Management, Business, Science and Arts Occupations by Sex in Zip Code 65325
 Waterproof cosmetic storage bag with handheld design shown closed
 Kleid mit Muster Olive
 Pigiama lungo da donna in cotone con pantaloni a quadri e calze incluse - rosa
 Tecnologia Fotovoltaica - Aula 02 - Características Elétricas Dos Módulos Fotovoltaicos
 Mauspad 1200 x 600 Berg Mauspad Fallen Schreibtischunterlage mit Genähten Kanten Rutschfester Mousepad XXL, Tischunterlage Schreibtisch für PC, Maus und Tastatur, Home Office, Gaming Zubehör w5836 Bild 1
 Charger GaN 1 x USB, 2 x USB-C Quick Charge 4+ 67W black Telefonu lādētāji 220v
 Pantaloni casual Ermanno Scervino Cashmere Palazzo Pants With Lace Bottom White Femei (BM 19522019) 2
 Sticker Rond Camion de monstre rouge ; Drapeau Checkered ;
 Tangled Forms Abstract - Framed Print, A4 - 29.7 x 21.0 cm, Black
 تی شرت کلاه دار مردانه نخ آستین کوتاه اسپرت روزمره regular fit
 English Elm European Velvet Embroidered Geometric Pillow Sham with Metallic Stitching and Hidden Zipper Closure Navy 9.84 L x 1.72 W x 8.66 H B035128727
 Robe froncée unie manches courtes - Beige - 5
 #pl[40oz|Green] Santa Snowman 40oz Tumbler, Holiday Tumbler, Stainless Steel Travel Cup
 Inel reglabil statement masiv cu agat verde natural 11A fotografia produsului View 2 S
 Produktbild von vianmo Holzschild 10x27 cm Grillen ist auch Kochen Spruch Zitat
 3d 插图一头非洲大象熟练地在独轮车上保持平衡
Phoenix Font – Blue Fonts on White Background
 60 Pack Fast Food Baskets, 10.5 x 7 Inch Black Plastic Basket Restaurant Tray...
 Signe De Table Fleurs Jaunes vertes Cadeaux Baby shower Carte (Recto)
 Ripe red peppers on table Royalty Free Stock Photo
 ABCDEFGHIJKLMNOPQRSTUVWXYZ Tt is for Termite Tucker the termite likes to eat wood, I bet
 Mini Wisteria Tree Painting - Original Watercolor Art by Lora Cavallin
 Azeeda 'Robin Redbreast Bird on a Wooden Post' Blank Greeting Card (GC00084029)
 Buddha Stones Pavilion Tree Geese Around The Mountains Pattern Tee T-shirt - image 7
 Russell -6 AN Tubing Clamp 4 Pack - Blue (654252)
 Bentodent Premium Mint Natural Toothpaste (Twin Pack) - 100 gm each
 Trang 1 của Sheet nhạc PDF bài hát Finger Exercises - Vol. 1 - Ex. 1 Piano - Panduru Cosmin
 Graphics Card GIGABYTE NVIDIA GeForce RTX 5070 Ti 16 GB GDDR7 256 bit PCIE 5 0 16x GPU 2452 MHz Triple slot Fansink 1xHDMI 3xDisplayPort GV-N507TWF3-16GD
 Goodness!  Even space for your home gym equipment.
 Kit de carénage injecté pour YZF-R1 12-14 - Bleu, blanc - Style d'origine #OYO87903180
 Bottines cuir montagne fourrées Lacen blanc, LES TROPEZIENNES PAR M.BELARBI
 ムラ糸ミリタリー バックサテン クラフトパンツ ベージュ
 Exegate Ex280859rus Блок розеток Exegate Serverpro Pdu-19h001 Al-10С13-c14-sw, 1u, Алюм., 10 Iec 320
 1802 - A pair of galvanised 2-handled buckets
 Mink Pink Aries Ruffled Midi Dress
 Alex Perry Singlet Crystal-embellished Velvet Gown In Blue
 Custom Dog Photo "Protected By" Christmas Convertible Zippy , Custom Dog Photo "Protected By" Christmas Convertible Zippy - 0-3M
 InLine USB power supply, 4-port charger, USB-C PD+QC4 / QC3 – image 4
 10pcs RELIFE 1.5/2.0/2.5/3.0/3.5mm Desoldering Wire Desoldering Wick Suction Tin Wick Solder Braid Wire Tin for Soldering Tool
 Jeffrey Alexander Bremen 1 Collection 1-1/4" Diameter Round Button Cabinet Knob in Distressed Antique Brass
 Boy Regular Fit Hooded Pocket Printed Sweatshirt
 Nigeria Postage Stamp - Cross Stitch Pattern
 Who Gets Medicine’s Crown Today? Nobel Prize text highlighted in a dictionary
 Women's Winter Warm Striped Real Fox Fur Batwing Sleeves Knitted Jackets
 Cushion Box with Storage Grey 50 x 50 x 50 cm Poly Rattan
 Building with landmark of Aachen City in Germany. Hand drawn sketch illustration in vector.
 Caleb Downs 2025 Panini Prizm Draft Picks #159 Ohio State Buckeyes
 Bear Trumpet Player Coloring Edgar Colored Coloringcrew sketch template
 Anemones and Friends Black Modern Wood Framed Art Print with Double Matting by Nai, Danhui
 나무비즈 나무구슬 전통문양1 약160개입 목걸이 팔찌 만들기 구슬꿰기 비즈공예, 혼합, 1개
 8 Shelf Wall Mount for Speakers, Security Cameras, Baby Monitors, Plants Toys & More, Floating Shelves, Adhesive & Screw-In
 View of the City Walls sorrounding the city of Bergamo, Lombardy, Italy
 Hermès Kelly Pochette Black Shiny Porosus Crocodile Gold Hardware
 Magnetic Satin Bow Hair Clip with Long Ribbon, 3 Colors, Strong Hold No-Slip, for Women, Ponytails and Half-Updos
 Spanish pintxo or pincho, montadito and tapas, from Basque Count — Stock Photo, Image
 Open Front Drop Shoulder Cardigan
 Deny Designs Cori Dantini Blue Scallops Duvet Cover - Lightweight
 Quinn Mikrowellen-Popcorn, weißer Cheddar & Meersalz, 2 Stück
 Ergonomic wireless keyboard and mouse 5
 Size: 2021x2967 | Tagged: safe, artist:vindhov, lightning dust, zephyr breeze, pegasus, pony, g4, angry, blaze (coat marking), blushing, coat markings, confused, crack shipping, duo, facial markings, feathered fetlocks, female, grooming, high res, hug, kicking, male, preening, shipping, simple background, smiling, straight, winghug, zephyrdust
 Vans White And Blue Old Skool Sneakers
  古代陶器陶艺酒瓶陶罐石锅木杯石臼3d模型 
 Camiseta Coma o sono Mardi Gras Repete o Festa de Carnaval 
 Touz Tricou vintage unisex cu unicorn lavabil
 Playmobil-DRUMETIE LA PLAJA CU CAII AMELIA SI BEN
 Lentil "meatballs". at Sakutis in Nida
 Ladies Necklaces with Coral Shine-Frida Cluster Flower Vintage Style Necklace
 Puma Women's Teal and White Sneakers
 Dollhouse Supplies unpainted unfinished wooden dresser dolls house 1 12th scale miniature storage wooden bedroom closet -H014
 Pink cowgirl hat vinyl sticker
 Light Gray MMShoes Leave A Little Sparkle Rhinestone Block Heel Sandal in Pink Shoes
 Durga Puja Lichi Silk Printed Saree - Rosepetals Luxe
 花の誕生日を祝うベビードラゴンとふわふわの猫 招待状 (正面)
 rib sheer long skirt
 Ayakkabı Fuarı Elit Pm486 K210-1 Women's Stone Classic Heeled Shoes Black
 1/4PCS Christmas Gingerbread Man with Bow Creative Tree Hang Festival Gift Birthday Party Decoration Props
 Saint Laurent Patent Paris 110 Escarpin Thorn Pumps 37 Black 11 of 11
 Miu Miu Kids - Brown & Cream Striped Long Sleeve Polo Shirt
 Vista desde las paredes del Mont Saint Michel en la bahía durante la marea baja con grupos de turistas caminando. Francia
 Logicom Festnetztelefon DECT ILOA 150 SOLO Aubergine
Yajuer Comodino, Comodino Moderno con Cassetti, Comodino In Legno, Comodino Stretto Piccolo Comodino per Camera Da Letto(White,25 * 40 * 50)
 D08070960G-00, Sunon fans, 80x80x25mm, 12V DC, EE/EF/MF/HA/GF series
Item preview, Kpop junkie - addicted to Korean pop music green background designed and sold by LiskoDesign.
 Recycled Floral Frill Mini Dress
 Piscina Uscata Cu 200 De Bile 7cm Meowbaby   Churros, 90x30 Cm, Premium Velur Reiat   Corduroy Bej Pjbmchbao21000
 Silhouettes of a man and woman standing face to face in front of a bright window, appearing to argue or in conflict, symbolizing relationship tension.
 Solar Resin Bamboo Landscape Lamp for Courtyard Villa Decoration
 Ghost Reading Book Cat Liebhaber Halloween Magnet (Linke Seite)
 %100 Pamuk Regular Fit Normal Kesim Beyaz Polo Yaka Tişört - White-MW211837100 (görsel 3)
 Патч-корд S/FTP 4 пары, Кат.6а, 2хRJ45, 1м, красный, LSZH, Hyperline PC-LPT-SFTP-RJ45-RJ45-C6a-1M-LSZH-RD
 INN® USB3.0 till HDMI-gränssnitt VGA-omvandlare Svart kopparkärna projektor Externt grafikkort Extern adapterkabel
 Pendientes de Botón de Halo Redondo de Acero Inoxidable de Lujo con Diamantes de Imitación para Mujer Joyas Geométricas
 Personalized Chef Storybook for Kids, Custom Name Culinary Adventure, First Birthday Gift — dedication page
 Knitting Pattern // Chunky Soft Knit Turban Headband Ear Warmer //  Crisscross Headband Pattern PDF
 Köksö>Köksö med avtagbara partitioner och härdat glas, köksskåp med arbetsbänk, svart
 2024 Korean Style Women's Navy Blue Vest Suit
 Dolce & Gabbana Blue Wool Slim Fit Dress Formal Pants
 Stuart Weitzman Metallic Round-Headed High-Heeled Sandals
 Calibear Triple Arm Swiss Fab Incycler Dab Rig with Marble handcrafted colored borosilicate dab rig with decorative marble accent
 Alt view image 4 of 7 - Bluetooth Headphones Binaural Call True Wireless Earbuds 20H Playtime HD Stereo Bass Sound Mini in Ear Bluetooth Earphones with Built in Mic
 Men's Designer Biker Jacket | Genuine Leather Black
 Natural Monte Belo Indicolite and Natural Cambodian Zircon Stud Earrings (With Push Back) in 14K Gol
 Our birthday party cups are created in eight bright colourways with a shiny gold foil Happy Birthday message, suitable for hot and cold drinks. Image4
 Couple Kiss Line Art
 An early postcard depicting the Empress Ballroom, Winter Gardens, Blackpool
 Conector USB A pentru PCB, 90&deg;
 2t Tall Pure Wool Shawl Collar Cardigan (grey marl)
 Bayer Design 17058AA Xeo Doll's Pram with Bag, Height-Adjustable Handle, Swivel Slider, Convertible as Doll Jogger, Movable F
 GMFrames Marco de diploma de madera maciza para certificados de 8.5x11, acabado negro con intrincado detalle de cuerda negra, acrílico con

Work required:
What is needed is the number of lines in the entries that contain the word "Convertible", written alone.

Response for this exercise:
2